> [Recorded data]
────

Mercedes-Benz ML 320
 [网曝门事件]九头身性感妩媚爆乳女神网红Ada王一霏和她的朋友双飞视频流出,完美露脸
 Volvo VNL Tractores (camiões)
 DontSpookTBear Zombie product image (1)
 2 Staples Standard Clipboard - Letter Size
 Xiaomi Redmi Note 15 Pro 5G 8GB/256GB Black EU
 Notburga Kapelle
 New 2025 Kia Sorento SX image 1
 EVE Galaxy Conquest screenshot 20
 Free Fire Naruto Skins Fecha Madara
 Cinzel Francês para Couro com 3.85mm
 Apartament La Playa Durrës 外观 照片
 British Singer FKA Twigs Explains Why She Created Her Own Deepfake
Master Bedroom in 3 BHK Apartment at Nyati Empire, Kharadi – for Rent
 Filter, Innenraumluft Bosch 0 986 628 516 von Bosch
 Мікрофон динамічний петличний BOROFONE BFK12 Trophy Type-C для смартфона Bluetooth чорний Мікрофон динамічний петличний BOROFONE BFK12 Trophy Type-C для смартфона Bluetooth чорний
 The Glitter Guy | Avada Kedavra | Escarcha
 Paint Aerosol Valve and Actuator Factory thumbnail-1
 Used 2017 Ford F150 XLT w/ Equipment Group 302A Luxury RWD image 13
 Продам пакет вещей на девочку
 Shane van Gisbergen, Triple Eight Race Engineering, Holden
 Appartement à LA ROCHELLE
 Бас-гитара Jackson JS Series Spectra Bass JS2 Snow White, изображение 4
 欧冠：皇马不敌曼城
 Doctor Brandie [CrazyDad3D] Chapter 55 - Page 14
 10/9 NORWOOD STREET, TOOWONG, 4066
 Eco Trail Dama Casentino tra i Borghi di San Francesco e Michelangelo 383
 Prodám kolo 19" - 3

────

> [What is being asked] Quote every line from the beginning of the entries up to and including the line that contains "New 2025 Kia Sorento SX image 1".

> [Task output]
Mercedes-Benz ML 320
 [网曝门事件]九头身性感妩媚爆乳女神网红Ada王一霏和她的朋友双飞视频流出,完美露脸
 Volvo VNL Tractores (camiões)
 DontSpookTBear Zombie product image (1)
 2 Staples Standard Clipboard - Letter Size
 Xiaomi Redmi Note 15 Pro 5G 8GB/256GB Black EU
 Notburga Kapelle
 New 2025 Kia Sorento SX image 1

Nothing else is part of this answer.